▼

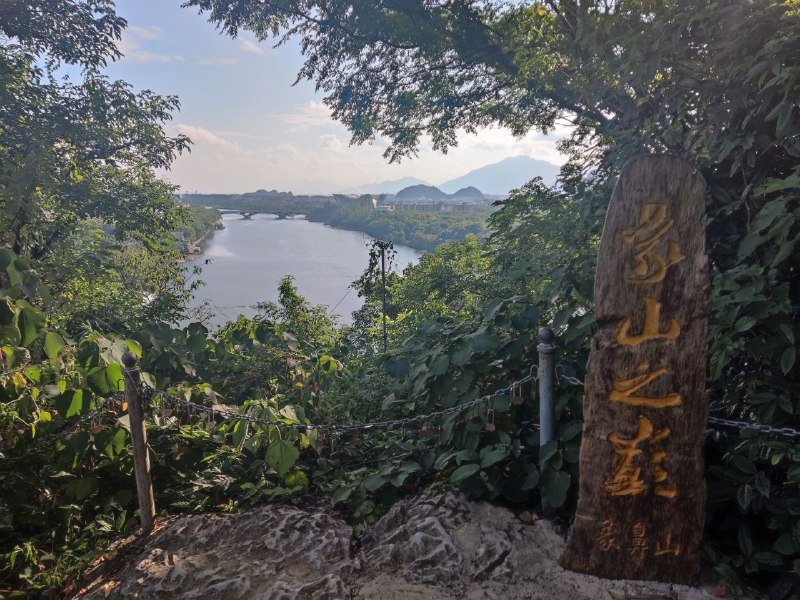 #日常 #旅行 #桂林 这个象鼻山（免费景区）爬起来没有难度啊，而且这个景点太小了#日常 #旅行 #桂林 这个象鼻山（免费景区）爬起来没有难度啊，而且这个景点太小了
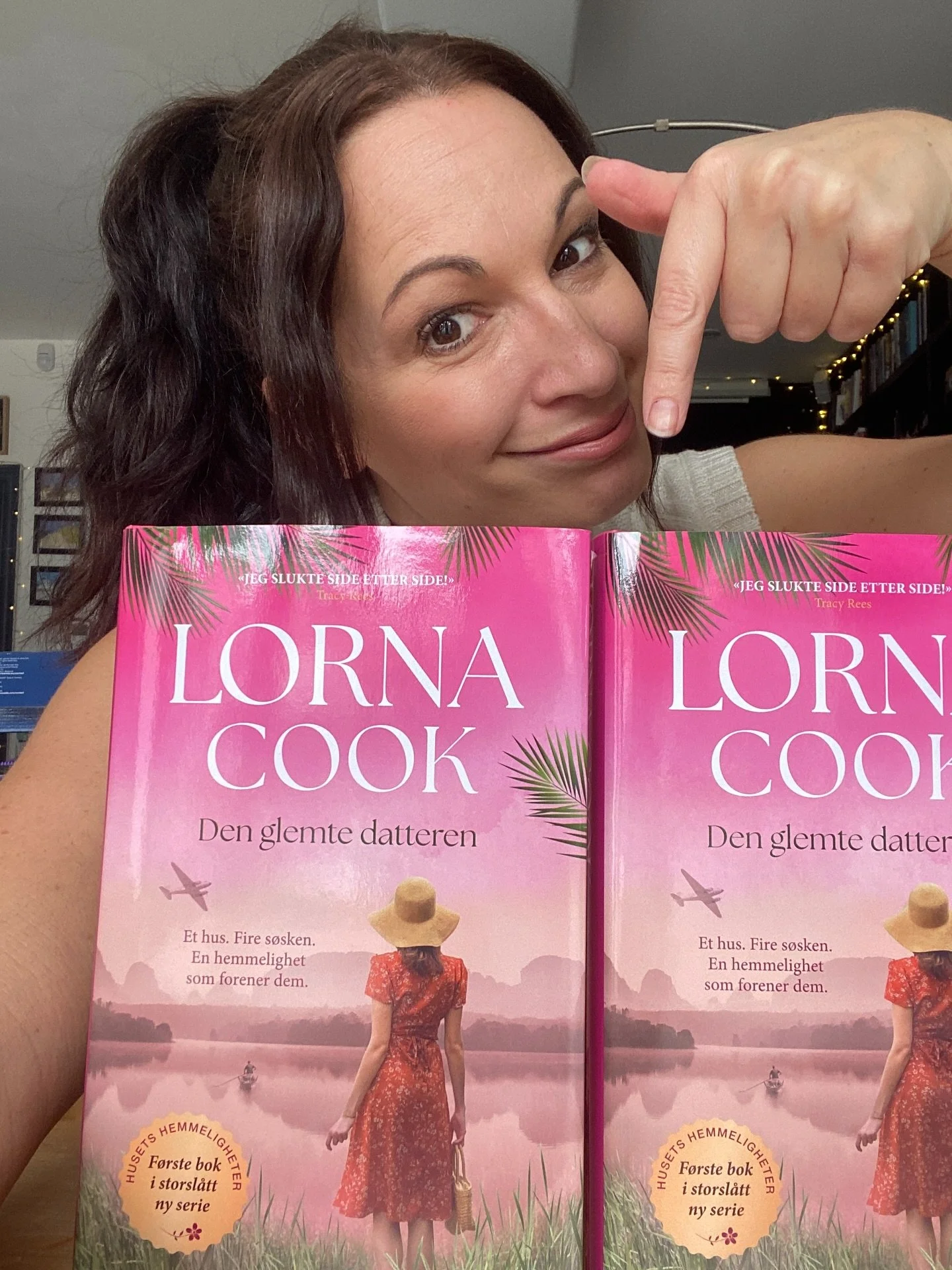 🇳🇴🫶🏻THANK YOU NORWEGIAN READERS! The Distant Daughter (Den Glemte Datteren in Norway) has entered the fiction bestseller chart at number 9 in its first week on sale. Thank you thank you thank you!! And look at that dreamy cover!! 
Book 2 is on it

▲
▼

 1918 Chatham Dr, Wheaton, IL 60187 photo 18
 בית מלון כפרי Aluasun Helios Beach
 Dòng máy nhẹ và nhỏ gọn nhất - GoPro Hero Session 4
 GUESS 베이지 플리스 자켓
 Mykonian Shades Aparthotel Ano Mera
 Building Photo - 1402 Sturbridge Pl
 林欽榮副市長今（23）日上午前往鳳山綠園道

▲

### Task to complete
Once the line with "#日常 #旅行 #桂林 这个象鼻山（免费景区）爬起来没有难度啊，而且这个景点太小了#日常" is found above, transcribe each line from it through the line with "Book 2 is on it", exactly, and omit the pictures.

### Answer section
 #日常 #旅行 #桂林 这个象鼻山（免费景区）爬起来没有难度啊，而且这个景点太小了#日常 #旅行 #桂林 这个象鼻山（免费景区）爬起来没有难度啊，而且这个景点太小了
 🇳🇴🫶🏻THANK YOU NORWEGIAN READERS! The Distant Daughter (Den Glemte Datteren in Norway) has entered the fiction bestseller chart at number 9 in its first week on sale. Thank you thank you thank you!! And look at that dreamy cover!! 
Book 2 is on it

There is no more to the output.